Stacy May-Johnson (born Stacy Margarita May; May 15, 1984) is an American, former collegiate, three-time professional All-Star softball player and current head coach at Fresno State. She played college softball for Iowa, being named a three-time all-conference third basemen and shortstop. May-Johnson was selected twelfth overall in the National Pro Fastpitch, eventually playing for the Chicago Bandits. She was named the inaugural Rookie of the Year in 2006 and a two-time Player of the Year in 2008 and 2010 for the league. She also helped the Bandits to win two championships and ranks in the top-10 in career hits (267) and home runs (38).

Career

College
At the University of Iowa, May-Johnson played on the Iowa Hawkeyes softball team from 2003 to 2006 at third base and shortstop. May-Johnson graduated from Iowa in May 2007 as a double major with a B.S. in physics and B.B.A. in accounting. In 2009, May-Johnson completed an M.S. in physics at the University of Louisville.

Professional
She received the MVP 2008 Professional Women's Softball League. May was drafted by the Chicago Bandits of the National Pro Fastpitch as the fourth pick in the second round. She earned the 2006 Nokona Rookie of the Year award and was also named to the all-National Pro fastpitch team.
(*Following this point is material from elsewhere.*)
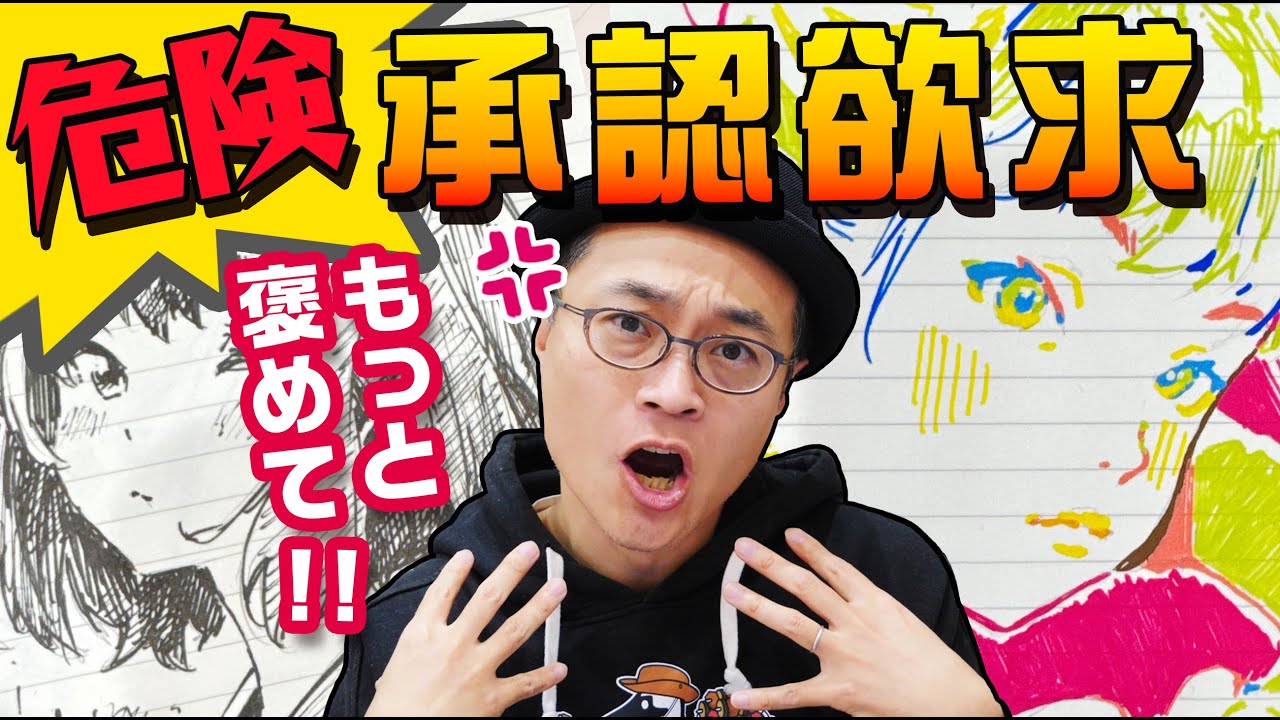 Плохо ли желание одобрения? ] Мое уважение к Фан-арт может быть подорвано.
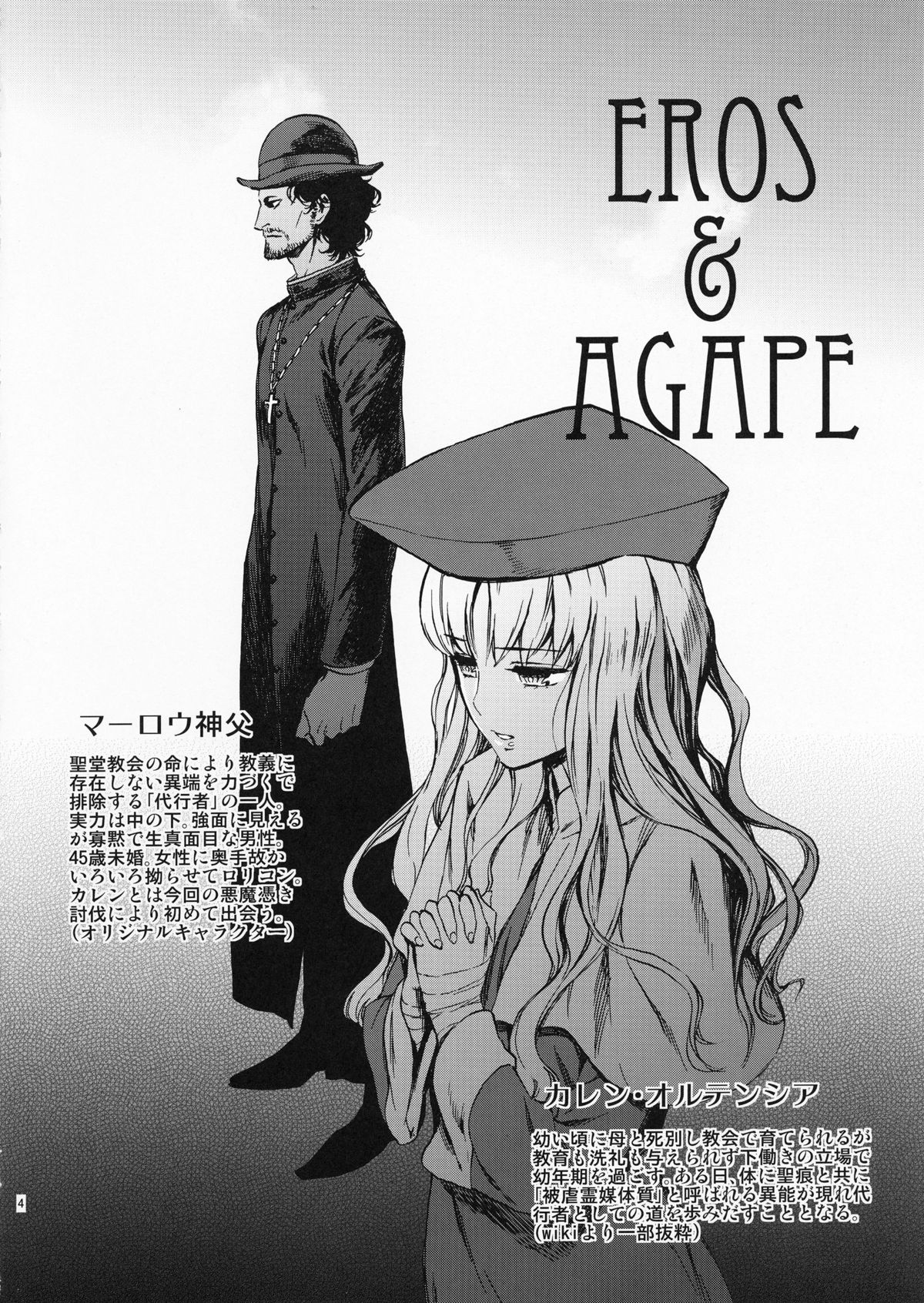 Eros&Agape page 3 full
She played for the Chicago Bandits from 2006 to 2010 and 2017 to 2018 and for the USA Softball National Team from 2011 to 2012. She was named 2011 USA Softball Female Athlete of the Year for "leading the team to gold medals at the World Cup of Softball VII in Oklahoma City and the 2011 Pan American Games in Guadalajara, Mexico". Her position as an assistant coach for the University of Louisville softball team was announced on July 14, 2014.

Coaching career
In 2007, May-Johnson was an undergraduate assistant coach at Iowa. From 2008 to 2010, May-Johnson was a volunteer assistant softball coach at Louisville while a graduate student there. May-Johnson then came back to Iowa as an assistant coach from 2011 to 2014 before returning to Louisville as an assistant coach from 2015 to 2016.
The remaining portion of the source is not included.